Kedua, karena amal jama’i adalah tabiat alam (natural). Tata surya adalah amal jama’i. “Ada yang memimpin dan ada yang dipimpin.” Amal Jama’i adalah sebuah sunnatullah. Bangsa semut tidak dapat membuat sarang atau menyimpan makanan tanpa adanya kerjasama di antara mereka. Bila kita melihat kehidupan semut, betapa mereka ulet dan saling bergotong royong dalam bekerja. Bahkan bila seekor semut bertemu dengan kawannya dia berhenti sejenak dan saling besalaman. Demikian juga pada kehidupan lebah, mereka mempunyai tugas masing-masing dalam mengembangkan dirinya dan di antara mereka tercipta kerjasama yang harmonis dalam bekerja.

Ketiga, karena manusia adalah makhluk sosial. Meskiupun nabi Adam telah disediakan segala kenikmatan surga, namun beliau masih saja merasa kurang jika tidak ada teman dalam hidupnya. Sehingga Allah menciptkan Hawa sebagai teman hidupnya. Demikian pula kita dalam kehidupan sehari-hari tidak dapat hidup sendiri, melainkan membutuhkan bantuan orang lain.
Keempat, Dakwah secara jama’ah adalah dakwah yang paling efektif dan sangat bermanfaat bagi Gerakan Islam. Sebaliknya da’wah secara sendirian akan kurang pengaruhnya dalam usaha menanamkan ajaran Islam pada umat manusia.

Kelima, ber-amal jama’i (bergerak secara bersama) akan memperkuat orang-orang yang lemah dan menambah kekuatan bagi orang-orang yang sudah kuat. Satu batu bata saja akan tetap lemah betapapun matangnya batu bata tersebut. Ribuan batu bata yang berserakan tidak akan membentuk kekuatan, kecuali jika telah menjadi dinding, yaitu antara batu bata yang satu dengan yang lain telah direkat dan ditata secara rapi. Allah Ta’ala berfirman, “Dan tolong-menolonglah kamu dalam (mengerjakan) kebajikan dan takwa dan jangan tolong-menolong dalam berbuat dosa dan pelanggaran” (Q.S Al Maaidah: 2).

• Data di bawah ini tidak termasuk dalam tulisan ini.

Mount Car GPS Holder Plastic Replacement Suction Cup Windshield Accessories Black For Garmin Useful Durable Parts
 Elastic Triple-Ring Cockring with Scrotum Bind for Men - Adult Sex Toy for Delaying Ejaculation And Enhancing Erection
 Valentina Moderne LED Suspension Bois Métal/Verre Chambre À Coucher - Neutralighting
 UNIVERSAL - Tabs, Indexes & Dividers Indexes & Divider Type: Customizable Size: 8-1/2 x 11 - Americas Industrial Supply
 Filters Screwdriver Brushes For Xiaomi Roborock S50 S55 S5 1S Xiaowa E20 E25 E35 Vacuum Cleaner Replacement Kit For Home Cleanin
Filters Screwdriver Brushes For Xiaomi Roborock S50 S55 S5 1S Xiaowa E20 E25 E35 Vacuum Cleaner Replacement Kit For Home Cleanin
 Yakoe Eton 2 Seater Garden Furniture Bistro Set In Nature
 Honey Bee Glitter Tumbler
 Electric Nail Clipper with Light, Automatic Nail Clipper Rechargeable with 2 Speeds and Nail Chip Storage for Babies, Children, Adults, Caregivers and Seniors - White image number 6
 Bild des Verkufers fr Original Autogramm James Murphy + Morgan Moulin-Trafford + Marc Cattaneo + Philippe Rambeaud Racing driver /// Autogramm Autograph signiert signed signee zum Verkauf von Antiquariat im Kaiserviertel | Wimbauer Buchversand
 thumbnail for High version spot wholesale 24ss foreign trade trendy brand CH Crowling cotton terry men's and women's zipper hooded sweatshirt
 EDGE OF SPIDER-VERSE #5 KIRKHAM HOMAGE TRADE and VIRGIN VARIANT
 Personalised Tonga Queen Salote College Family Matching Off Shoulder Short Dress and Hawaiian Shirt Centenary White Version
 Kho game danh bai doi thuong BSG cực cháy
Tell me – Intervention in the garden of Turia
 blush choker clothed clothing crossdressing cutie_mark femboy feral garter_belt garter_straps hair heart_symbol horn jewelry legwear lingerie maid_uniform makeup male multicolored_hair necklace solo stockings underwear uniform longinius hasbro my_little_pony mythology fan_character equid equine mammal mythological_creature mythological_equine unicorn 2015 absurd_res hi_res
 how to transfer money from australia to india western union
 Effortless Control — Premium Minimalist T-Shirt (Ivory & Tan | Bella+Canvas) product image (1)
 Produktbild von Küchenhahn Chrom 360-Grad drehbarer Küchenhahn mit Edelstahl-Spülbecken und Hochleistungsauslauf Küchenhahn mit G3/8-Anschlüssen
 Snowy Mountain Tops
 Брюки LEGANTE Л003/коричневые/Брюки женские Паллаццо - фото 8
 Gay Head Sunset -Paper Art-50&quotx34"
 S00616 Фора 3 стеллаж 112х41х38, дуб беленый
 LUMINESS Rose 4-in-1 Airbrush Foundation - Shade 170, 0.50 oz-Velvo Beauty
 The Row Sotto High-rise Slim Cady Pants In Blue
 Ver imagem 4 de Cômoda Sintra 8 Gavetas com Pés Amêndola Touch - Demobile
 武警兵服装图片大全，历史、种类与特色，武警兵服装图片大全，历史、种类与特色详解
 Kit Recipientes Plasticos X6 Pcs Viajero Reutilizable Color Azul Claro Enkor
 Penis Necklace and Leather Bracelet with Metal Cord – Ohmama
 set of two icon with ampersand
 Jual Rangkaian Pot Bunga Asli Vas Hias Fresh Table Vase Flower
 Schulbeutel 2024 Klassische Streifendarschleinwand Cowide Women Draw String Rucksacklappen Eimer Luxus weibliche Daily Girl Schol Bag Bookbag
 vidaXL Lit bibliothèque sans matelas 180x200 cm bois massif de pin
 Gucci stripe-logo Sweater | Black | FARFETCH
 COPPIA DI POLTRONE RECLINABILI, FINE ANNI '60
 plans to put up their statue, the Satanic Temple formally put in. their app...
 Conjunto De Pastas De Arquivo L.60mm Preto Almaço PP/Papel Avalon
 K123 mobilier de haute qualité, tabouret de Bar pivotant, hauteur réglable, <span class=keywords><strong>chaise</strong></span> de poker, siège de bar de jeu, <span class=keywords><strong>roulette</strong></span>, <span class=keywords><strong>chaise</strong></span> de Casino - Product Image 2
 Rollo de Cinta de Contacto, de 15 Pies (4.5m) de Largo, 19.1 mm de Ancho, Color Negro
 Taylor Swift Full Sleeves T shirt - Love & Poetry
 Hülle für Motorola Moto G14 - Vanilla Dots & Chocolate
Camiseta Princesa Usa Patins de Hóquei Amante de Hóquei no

Jikalau kita mencoba mendalami dan kembali kepada sejarah di masa-masa nabi, tepatnya d masa-masa antara nabi isa dan nabi Muhammad, menurut sebuah riwayat, jarak di anatara kedua utusan Allah itu sekitar 7 abad. Kurun waktu yang begitu lama tersebut ternyata membawa sebuah dampak bagi umat manusia pada waktu itu. Mereka yang pada awalnya sudah dapat ternaungi oleh islam, lama-kelamaaan perilaku dan sifatnya bergeser kembali ke masa-masa jahiliyah.

Dengan merenungkan cerita di atas, sudah sepantasnya kita melihat kurun waktu sekarang, di mana banyak sekali pergeseran-pergeseran yang seringkali tidak kita sadari. Sebuah kebaikan jika pergeseran itu membuat kita semakin dekat dengan Illah, namun alangkah meruginya jika pergeseran-pergeseran yang terjadi ini justru semakin menjauhkan diri kita dar Allah, Tuhan Semseta Alam.
Oleh sebab itu, sudah saatnya kita senantasa bermuhasabah diri dengan apa yang telah dan akan kita lakukan. Dengan muhasabah diri, diharapkan kita dapat senantiasa mendekatkan diri dari Allah.

***

Apakah itu amalan jama’i?
Jika kita membicarakan pengertian amalan jama’i, ada tiga kunci yang menjadi landasan utama pengertian dari amalan jama’i, yaitu :
1. Sebuah amalan yang dikerjakan secara bersama-sama
2. Terorganisir
3. Berlandasakan pada kesepakatan/musyawarah/syuro
4. Dalam sebuah amalan jama’I ada beberapa hal yang harus ada keberadaannya, yaitu:
    a. Pemimpin
    b. Yang dipimpin
5. Manhaj/landasan
6. Seorang pemimpin yang baik adalah seorang yang mampu mengkoordinir para jundinya, Ketika seorang jundi mendapatkan sebuah amanah yang bukan spesifkasinya, maka harus ada pembelajaran sehingga para jundi tidak akan menolak dengan amanah yang akan diberikan. Seorang jundi yang baik adalah yang mampu memahami tugas yang diberikan oleh pemimpinnya., namun bukan berarti hal ini membuat sang pemimpin dapat bertindak semena-mena, karena tetap dasar dari kegiatan amalan jama’I adalah Quran dan sunnah.
Ada sebuah hubungan timbal balik antara seorang pemimpin dengan yang dipimpin. Sebuah amalan jama’I juga harus berlandasakan pada suatu manhaj. Ketika sebuah kelompok telah menyepakati sesuatu, maka setiap anggota dalam syuro maupun musyawarah wajib melaksanakan hasil kesepakatan syuro.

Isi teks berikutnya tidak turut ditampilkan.